= International Convention for the Suppression of Counterfeiting Currency =

1929 multilateral treaty

The International Convention for the Suppression of Counterfeiting Currency (Convention internationale pour la répression du faux monnayage) is a 1929 League of Nations treaty whereby states agree to criminalize acts of currency counterfeiting. It remains the principal international agreement on currency counterfeiting.

==Background==
The post-war years were marked by a meteoric rise of money counterfeiting across Europe. Hyperinflation plagued many European currencies significantly increasing the profitability of forging the relatively stable United States dollar and Dutch guilder. At the same time political tensions hindered international police collaboration on the issue. Vienna became a hub of the clandestine trade. Its long established trade connections, the use of easily forgeable overprinted banknotes by the successor states of Austria-Hungary and breakdown of police collaboration between said states led to the creation of large criminal syndicates dedicated to counterfeiting. In Hungary, nationalist groups began forging the currencies of neighboring countries with the tacit support of the Hungarian state. In 1921, a group of Hungarians led by Turkologist Gyula Mészáros set up a press in the town of Metzelsdorf outside Graz, Austria. The group managed to produce and put into circulation 60,000 500-Czechoslovak koruna banknotes. Most of the forgers were arrested in July 1921, by that time the Czechoslovak government was forced to pull the entire sokol note series out of circulation, undermining the credibility of its currency reforms.

It was estimated that approximately 1 million $ worth of counterfeit currency was put into circulation each year in the middle of the 1920s. The sokol affair prompted Czechoslovak police to establish police unit specializing in countering money counterfeiting in Prague while also seeking cooperation with neighboring countries. In the Netherlands, K.H. Broekhoff founded the Dutch Counterfeit Money Center. Police authorities began closely collaborating with the issuing banks while criminal investigations of forgeries from different parts of the country were treated as a single case.
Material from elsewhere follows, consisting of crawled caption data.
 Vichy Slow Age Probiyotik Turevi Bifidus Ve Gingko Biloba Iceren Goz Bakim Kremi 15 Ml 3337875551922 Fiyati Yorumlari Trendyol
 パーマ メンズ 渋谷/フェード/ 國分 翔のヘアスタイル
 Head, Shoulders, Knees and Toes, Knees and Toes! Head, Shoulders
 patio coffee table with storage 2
In 1923, Vienna Chief of Police Johannes Schober convened the International Police Congress in Vienna which gave birth to the International Criminal Police Commission (ICPC). The ICPC promoted the internationalization of policing collating and disseminating information on crime between its members.
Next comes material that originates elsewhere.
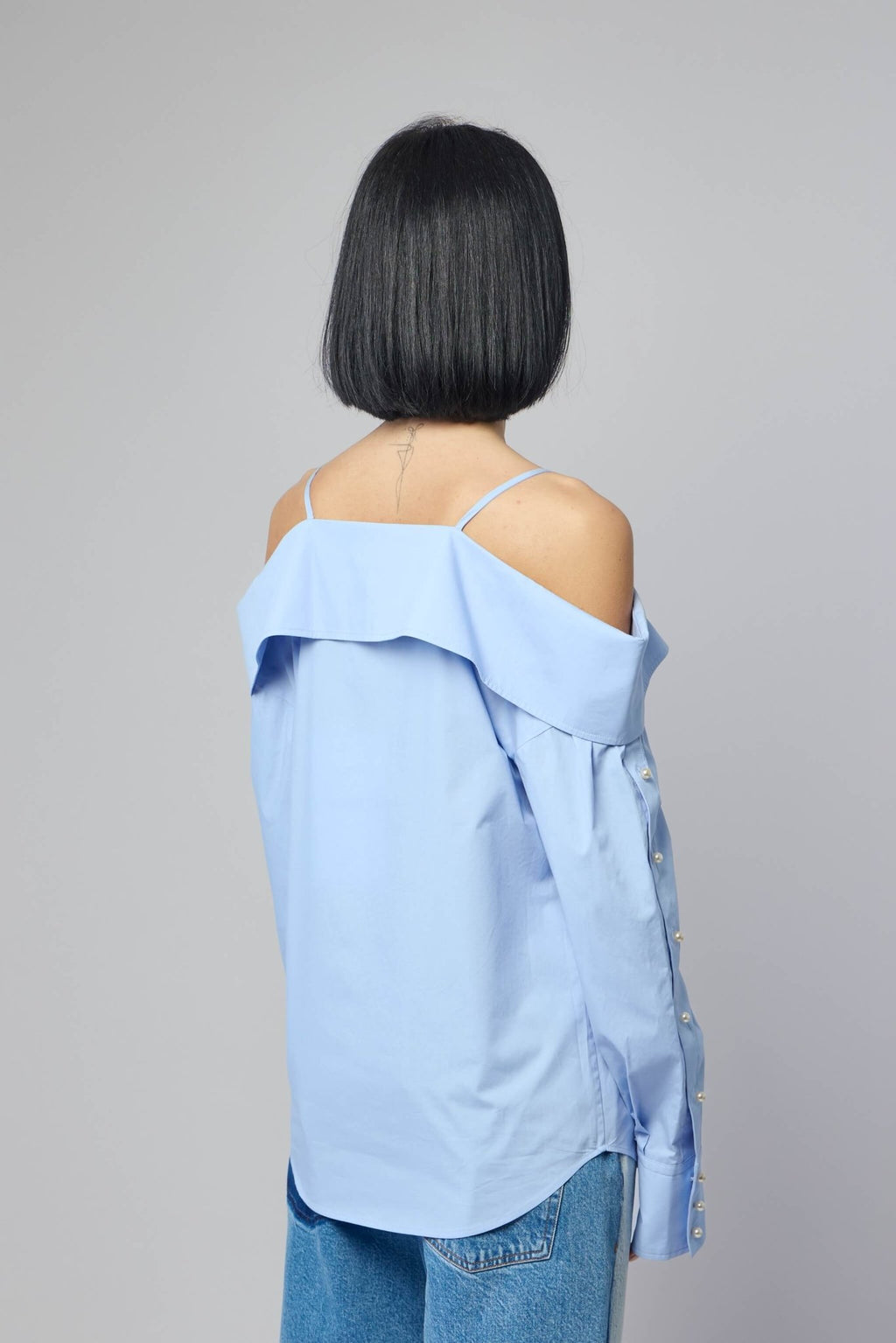 Frenken - Snap Spaghetti Strap Shirt - LABELS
Another Hungarian nationalist counterfeiting plot known as the Franc affair was uncovered in December 1925. The plotters sought to intentionally damage the French economy through the large scale production of counterfeit French francs. In the aftermath of the affair France turned its attention to combating international counterfeiting. French lawmakers revised a February 1926 Czechoslovak proposal to create an international police organization whose members would fight money counterfeiting. French Prime Minister Aristide Briand's proposal called for the unification anti-counterfeiting laws, police and judicial cooperation and the creation of national anti-counterfeiting centers in each signatory. The proposal was heralded by Romanian legal expert Vespasian Pella who shaped it into the draft of the International Convention for the Suppression of Counterfeiting Currency.

==Convention==
States that ratify the Convention agree to criminalize the creation, use, and exportation or importation of counterfeit currency. Under the agreement, no distinction is to be made as to what currency is the subject of the crime. Under the treaty, currency counterfeiting is an extraditable offense. States also agree to establish a central office that will forward to all other state parties cancelled specimens of their state's currency and notify the other states when changes to their currency are implemented.

The convention was concluded in Geneva on 20 April 1929 and entered into force on 22 February 1931.

==Aftermath==
The convention facilitated ICPC's recognition by the League of Nations and formalized its efforts to fight international crime.

As of March 2016, it has 83 state parties and remains the primary international agreement on currency counterfeiting. It was most recently ratified by Serbia in March 2016. China, India, Japan, and the United States are among the states that have signed the treaty but have not ratified it.